More workers are tired on the job and it's bad for business

Do you ever go to work tired? New research suggests you’re not alone. The results from an online survey from Robert Half, an HR consulting firm, suggests that 76 per cent of people are regularly tired while working.

Nearly one-third or 31 per cent of respondents said they were “very often” tired on the job, 45 per cent said “somewhat often” and 23 per cent said it “rarely” occurred that they were tired on the job.

David King is the Canadian director at Robert Half, an HR consulting firm. (Robert Half)

The online survey randomly selected 570 Canadian employees in February 2018. The results are considered accurate plus or minus four per cent, 19 times out of 20.

David King is the Canadian director at Robert Half. He says a tired workforce severely impacts a company’s bottom line.

“One of the big concerns is that you’ll generally have a level of disengagement by employees,” said King. “That leads to, certainly, a loss of morale; loss of productivity and things such as the missed deadlines or the mistakes in the person’s work. That leads to a poor relationship with the employer and, potentially, ultimate turnover in their employment.”

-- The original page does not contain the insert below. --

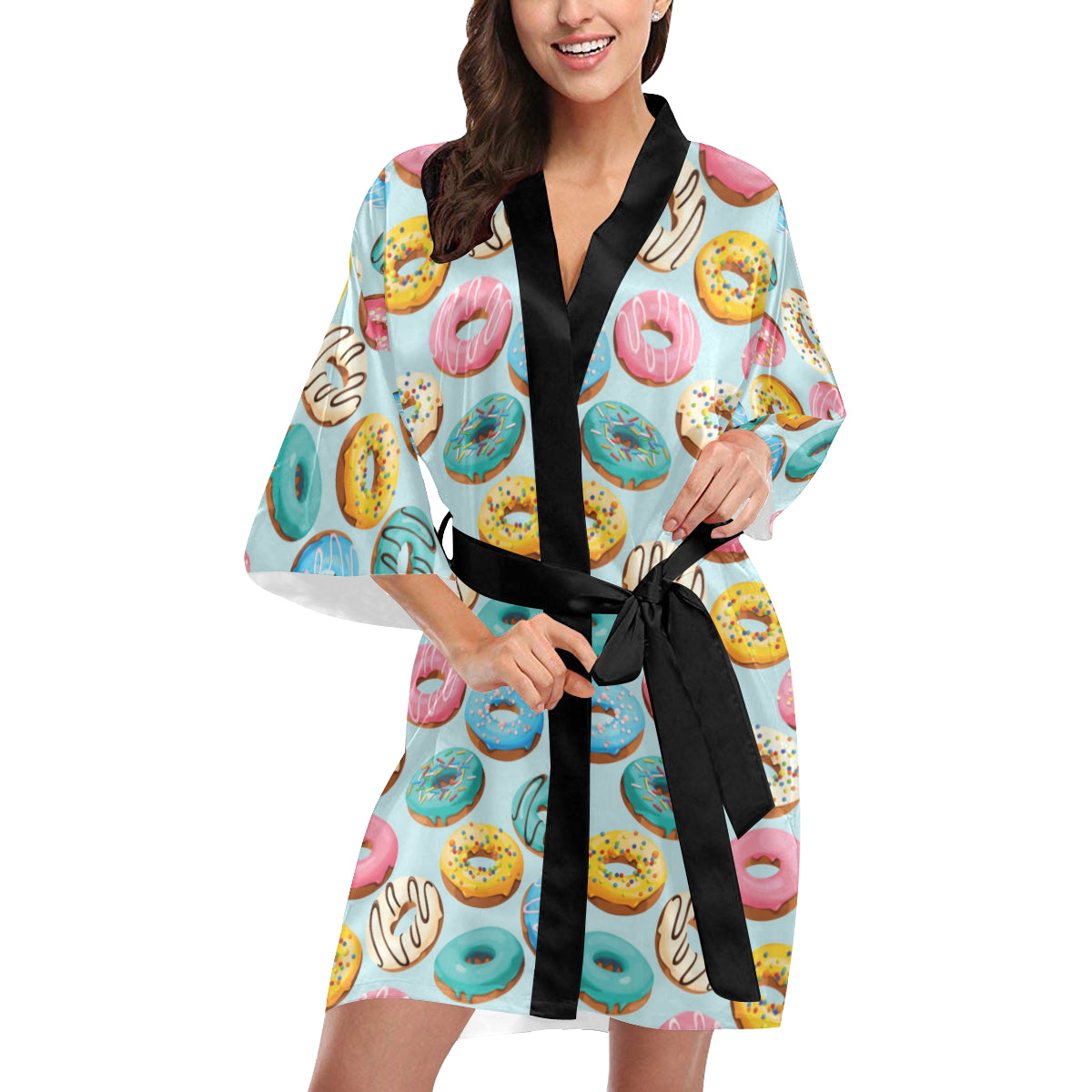 Donut Pattern Print Design DN05 Women's Short Kimono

‘Reframe your mindset to the value of sleep’

Clare Kumar isn’t surprised that so many people are tired on the job. It’s one of the complaints that she consistently hears from her clients.

Clare Kumar is the founder of Streamlife and calls herself a productivity catalyst. (Submitted by Clare Kumar)

Kumar is the founder of Streamlife, which helps clients to get organized, improve productivity and achieve greater peace of mind at work. She says people don’t value sleep enough, but it’s the foundation of a successful day at work.

“You need to get your head around that sleep is when your body heals,” said Kumar. “It’s not time when nothing is going on. You have to reframe your mindset to the value of sleep. You have to believe that you deserve the sleep and then you have to set your schedule up to claim it.”

But Kumar says that companies also have a significant role to play in combating a sleepy workforce.

“Look at the culture that you’re creating and the language around sleep in your office,” said Kumar.

Tips to decrease incidents of tiredness

Kumar suggests employers take bold steps to decrease incidents of tiredness by, for example, creating an electronics-free wellness room where workers can go to relax for 15 to 20 minutes or even take a power nap.

She encourages bosses to lead by example by not consistently working late nights or sending emails after hours. She also says encouraging employees to unplug when they leave the office and not rewarding employees who work long hours can go a long way to boost morale and promote a restful workforce.

Ultimately, says Kumar, we have to take responsibility for ourselves by making sure we get seven to eight hours of sleep, exercise regularly and eat right.

“The broader, more important strategy is around cultivating the right amount of sleep for you,” said Kumar. “And I call that getting in touch with your sleep number: determining exactly how much sleep you need and then setting up not only the environment for sleep, but also your schedule so that you actually claim the sleep that your body needs.”

All the stuff we know we should do, but every once in a while need a reminder to actually do it.